L’ennemi qui l’a semée, c’est le diable ; la moisson, c’est la fin du monde ; les moissonneurs, ce sont les anges.
De même que l’on enlève l’ivraie pour la jeter au feu, ainsi en sera-t-il à la fin du monde.
Le Fils de l’homme enverra ses anges, et ils enlèveront de son Royaume toutes les causes de chute et ceux qui font le mal ;
ils les jetteront dans la fournaise : là, il y aura des pleurs et des grincements de dents.
Alors les justes resplendiront comme le soleil dans le royaume de leur Père. Celui qui a des oreilles, qu’il entende ! » (Matthieu 13, 24-43)

Le triomphalisme, la soif de pouvoir, le désir de s’imposer à ses adversaires ont causé au christianisme, tout au long de siècles, beaucoup de préjudices. Il y a encore des chrétiens qui regrettent une Église puissante, capable de remplir les églises, de conquérir les rues et d’imposer sa religion à la société entière.

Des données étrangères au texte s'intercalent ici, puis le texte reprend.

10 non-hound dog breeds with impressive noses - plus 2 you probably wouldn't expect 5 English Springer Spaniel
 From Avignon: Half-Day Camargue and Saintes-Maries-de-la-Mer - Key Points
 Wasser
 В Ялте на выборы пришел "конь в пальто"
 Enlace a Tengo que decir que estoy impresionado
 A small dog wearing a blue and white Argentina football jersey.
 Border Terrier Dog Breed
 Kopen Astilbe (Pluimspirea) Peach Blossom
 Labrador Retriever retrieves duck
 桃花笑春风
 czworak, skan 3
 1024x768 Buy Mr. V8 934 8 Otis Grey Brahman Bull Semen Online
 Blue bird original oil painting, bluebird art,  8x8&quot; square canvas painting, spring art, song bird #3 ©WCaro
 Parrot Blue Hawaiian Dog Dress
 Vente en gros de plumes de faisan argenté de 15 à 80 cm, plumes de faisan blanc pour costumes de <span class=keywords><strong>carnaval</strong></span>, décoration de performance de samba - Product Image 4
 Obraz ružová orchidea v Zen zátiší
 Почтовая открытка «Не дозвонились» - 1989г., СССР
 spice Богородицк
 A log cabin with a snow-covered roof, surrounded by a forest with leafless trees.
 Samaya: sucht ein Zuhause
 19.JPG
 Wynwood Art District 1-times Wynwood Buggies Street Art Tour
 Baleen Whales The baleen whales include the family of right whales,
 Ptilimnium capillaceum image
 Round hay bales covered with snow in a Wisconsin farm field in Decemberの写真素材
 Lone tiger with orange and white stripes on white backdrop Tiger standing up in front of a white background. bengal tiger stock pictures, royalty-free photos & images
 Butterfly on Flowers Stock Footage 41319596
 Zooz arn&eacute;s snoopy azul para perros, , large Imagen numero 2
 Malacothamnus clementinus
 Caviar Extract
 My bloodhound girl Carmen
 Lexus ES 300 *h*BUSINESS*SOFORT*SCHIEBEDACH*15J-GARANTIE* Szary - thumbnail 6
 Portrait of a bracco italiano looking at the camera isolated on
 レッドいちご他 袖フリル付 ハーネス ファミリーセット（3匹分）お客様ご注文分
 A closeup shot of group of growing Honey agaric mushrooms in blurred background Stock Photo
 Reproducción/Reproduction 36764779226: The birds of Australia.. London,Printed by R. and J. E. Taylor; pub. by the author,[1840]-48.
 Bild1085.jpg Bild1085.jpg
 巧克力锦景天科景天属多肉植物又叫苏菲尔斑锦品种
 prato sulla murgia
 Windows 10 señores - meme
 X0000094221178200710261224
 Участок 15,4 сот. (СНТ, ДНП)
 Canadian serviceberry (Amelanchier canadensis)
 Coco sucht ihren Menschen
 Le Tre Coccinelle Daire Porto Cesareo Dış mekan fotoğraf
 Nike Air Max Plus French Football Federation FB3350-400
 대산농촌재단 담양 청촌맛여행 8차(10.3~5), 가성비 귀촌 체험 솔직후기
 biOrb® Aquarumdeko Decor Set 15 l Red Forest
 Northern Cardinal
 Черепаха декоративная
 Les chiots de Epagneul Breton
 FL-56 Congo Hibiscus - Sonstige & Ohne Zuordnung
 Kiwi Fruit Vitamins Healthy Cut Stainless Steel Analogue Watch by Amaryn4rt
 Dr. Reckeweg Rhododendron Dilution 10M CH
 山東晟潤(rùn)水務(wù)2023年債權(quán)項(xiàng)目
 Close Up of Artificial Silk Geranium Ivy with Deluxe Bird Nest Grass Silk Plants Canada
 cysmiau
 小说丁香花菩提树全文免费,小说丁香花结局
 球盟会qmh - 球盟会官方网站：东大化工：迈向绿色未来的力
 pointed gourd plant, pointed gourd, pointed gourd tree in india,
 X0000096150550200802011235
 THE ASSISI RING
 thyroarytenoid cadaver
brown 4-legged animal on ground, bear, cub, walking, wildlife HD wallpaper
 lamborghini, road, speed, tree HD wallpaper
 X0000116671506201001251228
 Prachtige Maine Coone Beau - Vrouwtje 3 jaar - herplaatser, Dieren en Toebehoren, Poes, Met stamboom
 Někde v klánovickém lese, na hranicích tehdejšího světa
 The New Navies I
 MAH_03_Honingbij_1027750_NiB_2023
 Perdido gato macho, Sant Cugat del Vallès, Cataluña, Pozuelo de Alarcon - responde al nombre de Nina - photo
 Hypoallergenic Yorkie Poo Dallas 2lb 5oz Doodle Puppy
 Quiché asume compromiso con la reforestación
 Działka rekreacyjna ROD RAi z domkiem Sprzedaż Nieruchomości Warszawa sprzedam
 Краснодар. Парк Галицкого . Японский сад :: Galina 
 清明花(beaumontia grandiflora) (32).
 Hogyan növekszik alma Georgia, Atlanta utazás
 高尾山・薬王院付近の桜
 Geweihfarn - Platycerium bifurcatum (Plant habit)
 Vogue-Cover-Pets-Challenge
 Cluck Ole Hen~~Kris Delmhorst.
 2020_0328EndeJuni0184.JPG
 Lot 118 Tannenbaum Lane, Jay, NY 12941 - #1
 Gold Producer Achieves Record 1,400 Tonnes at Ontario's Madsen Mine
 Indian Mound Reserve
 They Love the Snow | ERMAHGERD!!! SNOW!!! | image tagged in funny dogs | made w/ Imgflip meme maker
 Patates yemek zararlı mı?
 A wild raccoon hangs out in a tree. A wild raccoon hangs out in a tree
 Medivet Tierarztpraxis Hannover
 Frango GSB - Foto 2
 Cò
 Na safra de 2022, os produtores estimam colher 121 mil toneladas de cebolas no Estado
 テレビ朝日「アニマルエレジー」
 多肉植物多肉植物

Il nous faut relire deux petites paraboles où Jésus dit clairement que la mission de ses disciples n’est pas de construire une religion puissante, mais de se mettre au service du projet humanisant du Père – le règne de Dieu – en semant de petites « semences » d’Évangile au cœur de la société en tant que petit « ferment » d’une vie humaine.

La première parabole parle d’un grain de moutarde que l’on sème dans le jardin potager. Qu’a-t-elle de spécial cette semence ? C’est d’être la plus petite parmi toutes les semences, mais lorsqu’elle pousse, elle devient un arbuste plus grand que toutes les plantes potagères. Le projet du Père commence très humblement, mais nous ne pouvons même pas imaginer maintenant sa force transformatrice.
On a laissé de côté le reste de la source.